● **Task**:
Output every line below as it stands, dropping only the images.

● **Data block**:

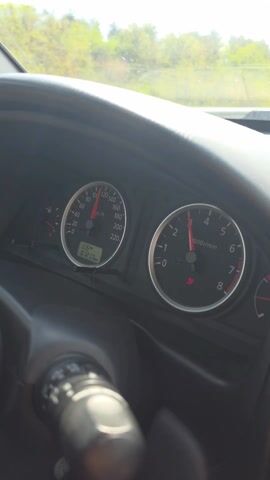 The video shows a driver's perspective from inside a car moving on a highway. The dashboard is visible, showing a speedometer reading around 100 km/h and a tachometer reading around 1000 rpm. The windshield shows the highway ahead, with other cars and a large truck in the distance. The sky is bright, and there are trees alongside the highway. The general impression is of someone driving on a highway during a sunny day.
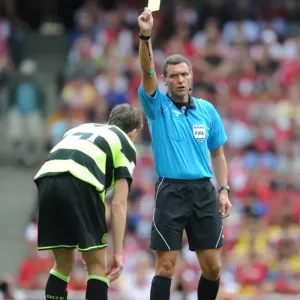 Referee Andre marriner shows a yellow card to Charlie Mulgrew (Celtic)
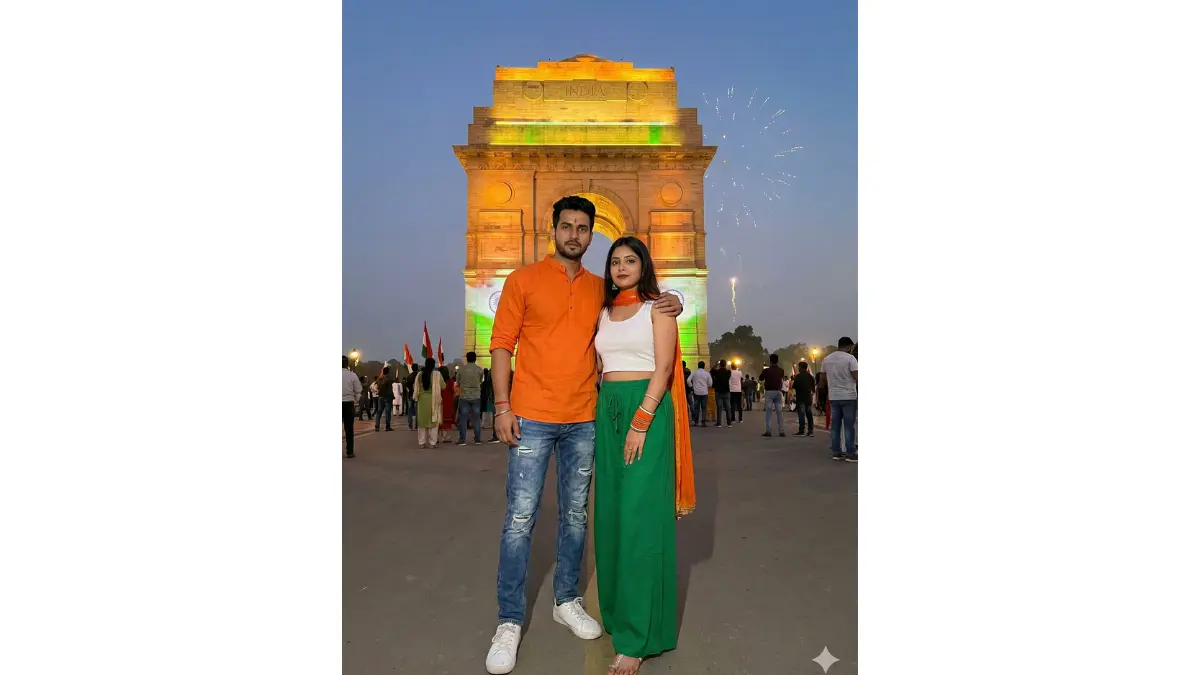 A confident modern couple posing dramatically in front of the iconic India Gate at dusk on Republic Day, illuminated by warm golden lights and projections of the Indian national flag; the man wearing contemporary fusion attire like distressed blue jeans paired with a saffron kurta shirt and white sneakers; the woman in a chic white crop top, green palazzo pants, and saffron accessories; they stand close, one arm around each other, symbolising unity and national pride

● **Written solution**:
 The video shows a driver's perspective from inside a car moving on a highway. The dashboard is visible, showing a speedometer reading around 100 km/h and a tachometer reading around 1000 rpm. The windshield shows the highway ahead, with other cars and a large truck in the distance. The sky is bright, and there are trees alongside the highway. The general impression is of someone driving on a highway during a sunny day.
 Referee Andre marriner shows a yellow card to Charlie Mulgrew (Celtic)
 A confident modern couple posing dramatically in front of the iconic India Gate at dusk on Republic Day, illuminated by warm golden lights and projections of the Indian national flag; the man wearing contemporary fusion attire like distressed blue jeans paired with a saffron kurta shirt and white sneakers; the woman in a chic white crop top, green palazzo pants, and saffron accessories; they stand close, one arm around each other, symbolising unity and national pride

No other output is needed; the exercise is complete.